R — Synteny dot plot from i-ADHoRe anchorpoints
library(ggplot2)
library(dplyr)

# Load i-ADHoRe anchor points (syntenic gene pairs)
anchors <- read.table("iadhore_output/anchorpoints.txt",
                       header=TRUE, sep="\t")
head(anchors)

# Get gene positions for dot plot
positions_sp1 <- read.table("gene_positions_H_glycines.tsv",
                              col.names=c("id","scaffold","start","stop","strand"))
positions_sp2 <- read.table("gene_positions_G_pallida.tsv",
                              col.names=c("id","scaffold","start","stop","strand"))

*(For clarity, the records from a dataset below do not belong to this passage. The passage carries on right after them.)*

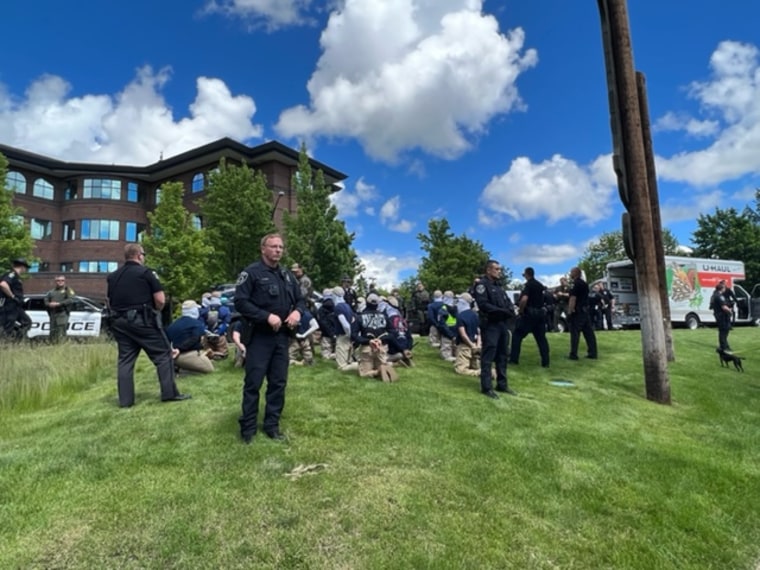 Police in Coeur d'Alene, Idaho, detain people pulled Saturday, June. 11, 2022, from a U-Haul truck near the city's Pride celebration.
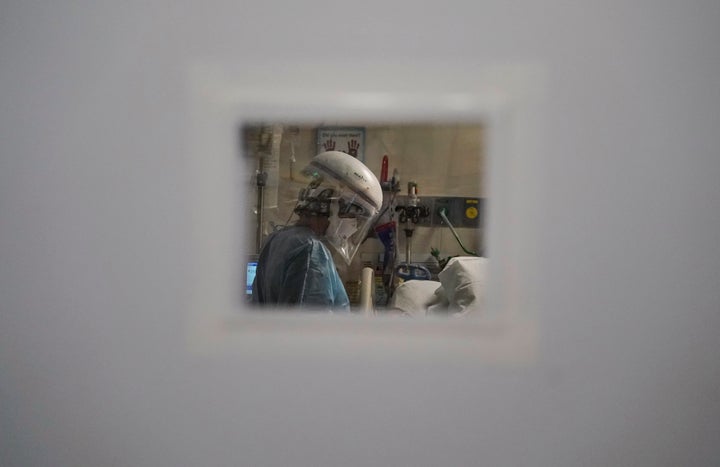 A nurse tending to a COVID-19 patient is seen through a small window in an intensive care unit at Mission Hospital in Mission Viejo, California.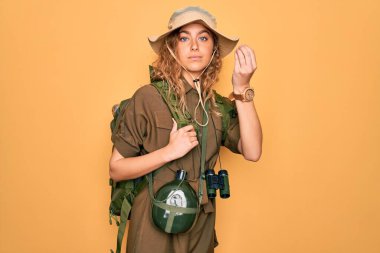 Mavi gözlü genç sarışın kaşif sırt çantası ve su kantiniyle yürüyüş yapıyor. İtalyan jestleri yapıyor. Elleri ve parmakları kendine güveni tam.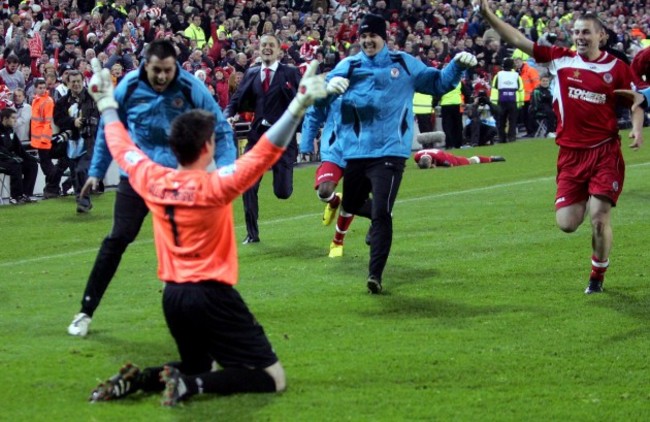 Ciaran Kelly is mobbed by teammates after saving the final penalty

# Join anchor points with positions
plot_data <- anchors %>%
    left_join(positions_sp1 %>% select(id, scaffold, start),
              by=c("gene_x"="id")) %>%
    rename(scaffold_x=scaffold, pos_x=start) %>%
    left_join(positions_sp2 %>% select(id, scaffold, start),
              by=c("gene_y"="id")) %>%
    rename(scaffold_y=scaffold, pos_y=start)

# Dot plot: each point is a syntenic gene pair
ggplot(plot_data, aes(x=pos_x/1e6, y=pos_y/1e6, color=scaffold_x)) +
    geom_point(size=0.5, alpha=0.7) +
    facet_grid(scaffold_y ~ scaffold_x, scales="free") +
    labs(x="H. glycines position (Mb)",
         y="G. pallida position (Mb)",
         title="Synteny: H. glycines vs G. pallida") +
    theme_minimal() +
    theme(legend.position="none",
          strip.text=element_text(size=6))

ggsave("synteny_dotplot.png", width=14, height=12, dpi=150)
cat("Synteny dot plot saved: synteny_dotplot.png\n")
Download:
Interpreting synteny dot plots: Diagonal lines indicate conserved collinear regions (same gene order). Off-diagonal dots indicate inversions or translocations. Dense diagonal blocks = large syntenic regions well-conserved between species. For closely related nematodes (same family), expect many syntenic blocks; for distantly related species, most synteny may be broken by repeat-driven rearrangements.

Troubleshooting

OrthoFinder: very large orthogroups containing hundreds of genes

This almost always indicates transposable element proteins (transposases, integrases, reverse transcriptases). Mask repeats before running OrthoFinder. Alternatively, filter orthogroups with unexpectedly high copy numbers (e.g., >3× the median gene copy per species).

i-ADHoRe: "No syntenic blocks detected"

Check: (1) Gene list files must be in iadhore_input/SPECIES/ and the INI file must list them correctly — even a typo in a path will silently produce no output. (2) Opscan ortholog file column order must match i-ADHoRe expectations (gene_sp1 TAB gene_sp2). (3) Try lowering anchor_points to 2 for distantly related species.

Opscan header format errors

Opscan is strict about the FASTA header format. Each protein header must have exactly 5 space-separated fields: species_geneName scaffold start stop strand. Scaffold names cannot contain spaces or special characters. Test with 10 proteins first: head -20 input.fasta | ./opscan /dev/stdin input.fasta.